Il legame tra videogiochi e disordini mentali

Sebbene l’OMS (Organizzazione Mondiale della Sanità) abbia inserito la dipendenza di videogiochi tra i disordini mentali nel 2019, ad oggi non c’è una tesi scientifica comprovata che attesti una correlazione tra videogiochi e aggressività. In uno studio del 2017 pubblicato su Frontiers in Psychology, un team di ricercatori tedeschi ha esaminato un campione costituito da partecipanti maschi abituati all’uso frequente di titoli sparatutto in prima persona come Call of Duty e Counter-Strike, non inferiore alle due ore al giorno, e da almeno quattro anni. Il tutto per capire gli effetti sul lungo periodo di esperienze videoludiche adrenaliniche e violente. Il risultato, messo in correlazione con un campione di non giocatori, non ha dimostrato alterazioni legate all’empatia o all’aggressività.

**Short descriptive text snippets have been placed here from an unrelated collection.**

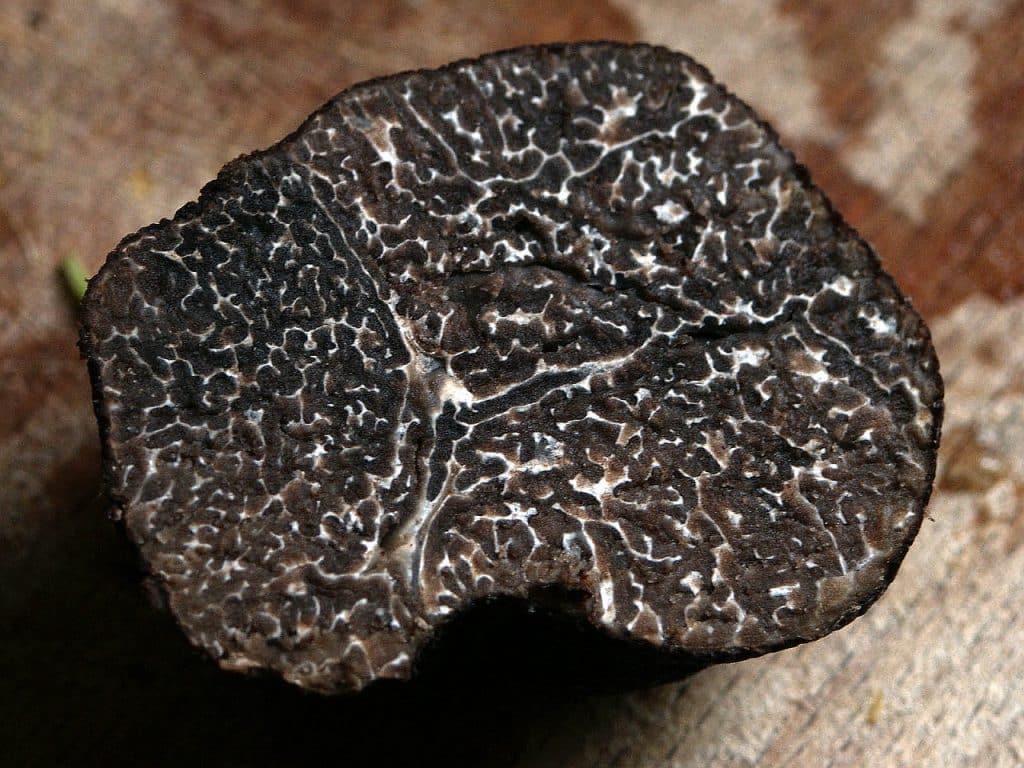 La mouche à truffe technique pour trouver des truffes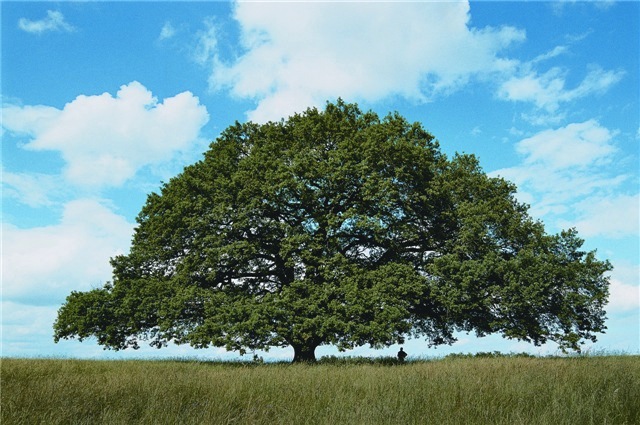 Article : Une larme pour mes chers arbres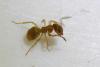 Lasius sp.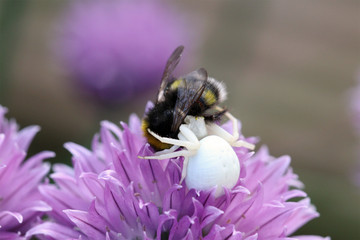 Close up of a  white Crab Spider, Misumena variability, trapping a bumblebee with its crab like front legs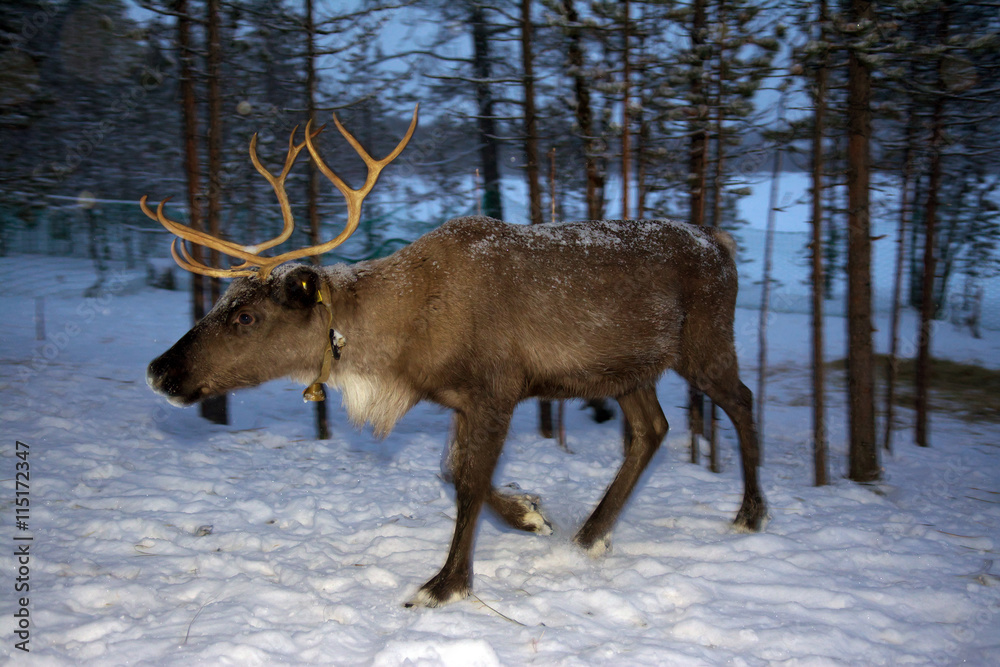 Reindeer are in the woods during the polar night Reindeer are in the woods during the polar night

"Se i primi risultati della letteratura scientifica sembravano scoraggiare l’uso dei videogiochi violenti, negli ultimi anni sembra che si stia assistendo ad una svolta", hanno affermato nel 2022 gli psicologi e psicoteraupeti Francesco Bocci e Giuseppe Virgilio nell'articolo "Videogiochi e aggressività, gli ultimi studi spezzano il nesso: ecco perché" pubblicato su Agenda Digitale. "Infatti, le rappresentazioni che dipingevano i media videoludici come diseducativi sono state ridimensionate, e nuovi studi hanno preferito concentrarsi non sui loro aspetti presumibilmente dannosi, ma su quelli benefici". Prendendo in esame titoli come GTA 5, The Sims 3 e Yakuza, Bocci e Virgilio hanno sottolineato la diffusione di "una concezione del videogioco, anche se violento, come opportunità, come mezzo capace di potenziare gli aspetti cognitivi ed espressivi”.

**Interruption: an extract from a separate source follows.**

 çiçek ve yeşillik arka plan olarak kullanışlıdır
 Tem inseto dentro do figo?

I possibili effetti sullo stress

Un altro studio del 2024, condotto da Gary L. Wagener, ricercatore presso l'Università del Lussemburgo, ha visto 54 partecipanti di sesso maschile giocare ad Uncharted 4, "l’Indiana Jones dei videogiochi". Si tratta di un action adventure in terza persona dove ci sono puzzle da risolvere e arrampicate da fare, ma le uccisioni a colpi di arma da fuoco non sono affatto poche. Durante le sessioni di gioco di 25 minuti, venivano registrati i livelli di cortisolo e testosterone dei partecipanti. Ebbene, l’esito non ha riscontrato variazioni significative del testosterone, ma una riduzione importante di cortisolo, un ormone strettamente legato allo stress. Nel 2020 sono stati fatti altri studi che testimoniano l'effetto benefico che hanno i videogiochi – anche sparatutto – per le persone anziane.

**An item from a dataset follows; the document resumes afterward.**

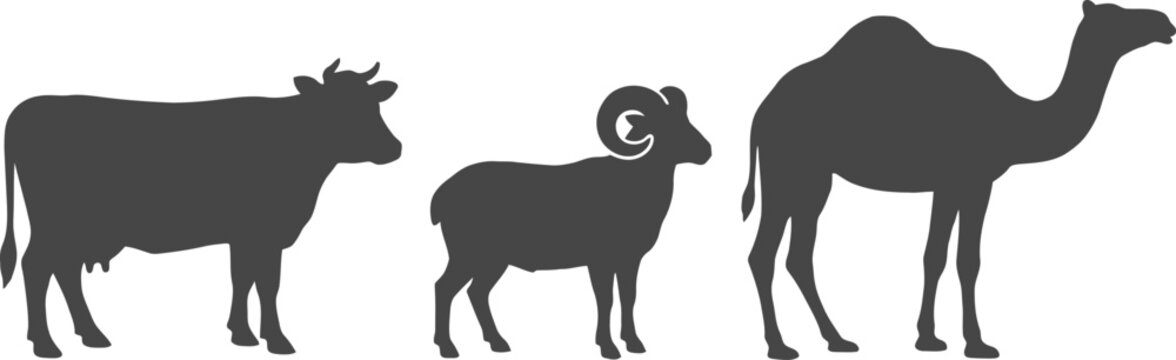 Minimalist flat vector silhouettes of a cow ram and camel representing diverse animal types for educational content infographics or comparative studies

Ci sono precedenti di accuse a videogame

Le ricerche più recenti vanno dunque contro la tesi presentata da Josh Koskoff, avvocato che rappresenta le famiglie delle vittime di Uvalde. La stessa risposta data da Activision dimostra una certa sicurezza.

È anche vero che Koskoff fa parte dello studio legale che nel 2022 è riuscito a ottenere, contro le aspettative, un risarcimento di 73 milioni di dollari dalla Remington, altra azienda statunitense produttrice di armi con sede nel North Carolina, per la strage di Sandy Hook a Farfield, nel Conneticut, la più letale nella storia americana con 26 vittime.